Ich meine jetzt nicht in irgendeiner Programmiersprache, sondern allgemein
Gibt es dafür irgendein Verfahren?
Und weil ich grad am Fragen bin: Gibt es eine Möglichkeit, die MODULA Funktion umzukehren? Wäre echt supa nützlich!

Danke schonmal im Voraus!


----------



## Frankdfe (10. Februar 2004)

Hallo radi!

Ich überprüfe das immer so (eine Funktion zum Runden von Zahlen gibt in den meisten Programmmiersprachen):

Runden(a) = a ? Wenn das wahr ist, dann ist die Zahl ganzzahlig.

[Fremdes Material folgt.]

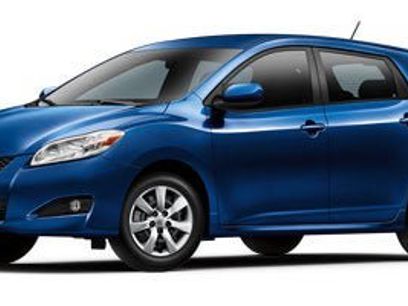 Used 2012 Toyota Matrix S w/ S Sport Pkg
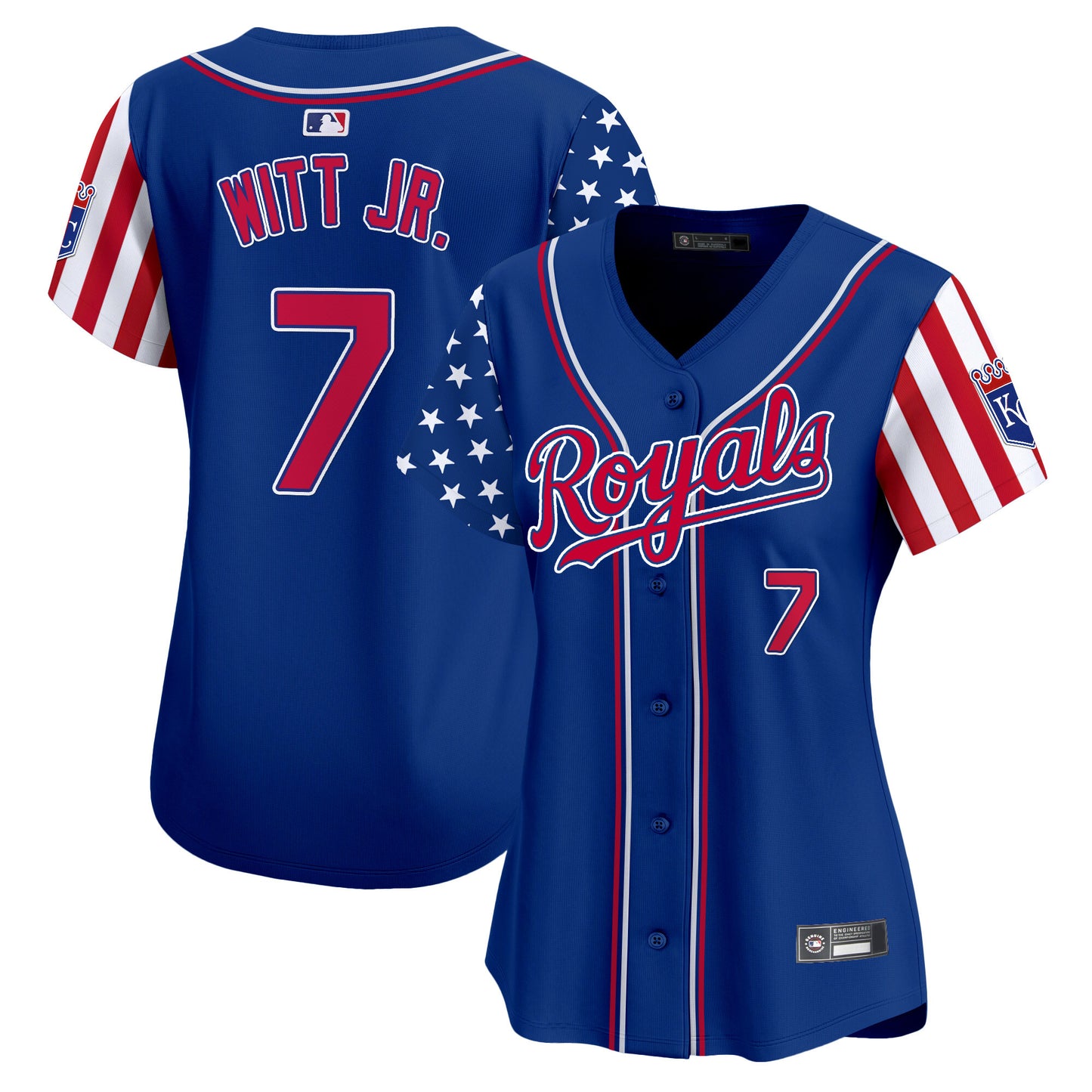 Royal - Bobby Witt Jr.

Die Modulo-Funktion (War Modula ein Tippfehler) ist nicht umkehrbar.

Gruß 

Frank


----------



## EngelchenB (19. Februar 2004)

mhh ich würde vergleichen

if( int($a) == a)


kommt aber aufs gleiche hinaus


----------



## Tim C. (19. Februar 2004)

> _Original geschrieben von EngelchenB _
> *mhh ich würde vergleichen
> if( int($a) == a)
> kommt aber aufs gleiche hinaus *


Jetzt stellt sich halt nur noch die Frage, ob tatsächlich alle Sprache ein solches Typecasting unterstützen (bzw. in deinem Beispiel aus PHP ist es halt eine Funktion, die jedoch an das Typecasting anderer Sprachen angelehnt ist, würde ich mal behaupten).
Da ist die Methode mit dem Runden durchaus unter mehr Programmiersprachen genauso zu lösen 

Aber ist natürlich Geschmackssache.


----------



## EngelchenB (19. Februar 2004)

mhhh ja ok , aber die meisten Sprachen untersützen so etwas ja.

wobei ich warscheinlicher unter PHP die funktion is_int() verwenden würde...


----------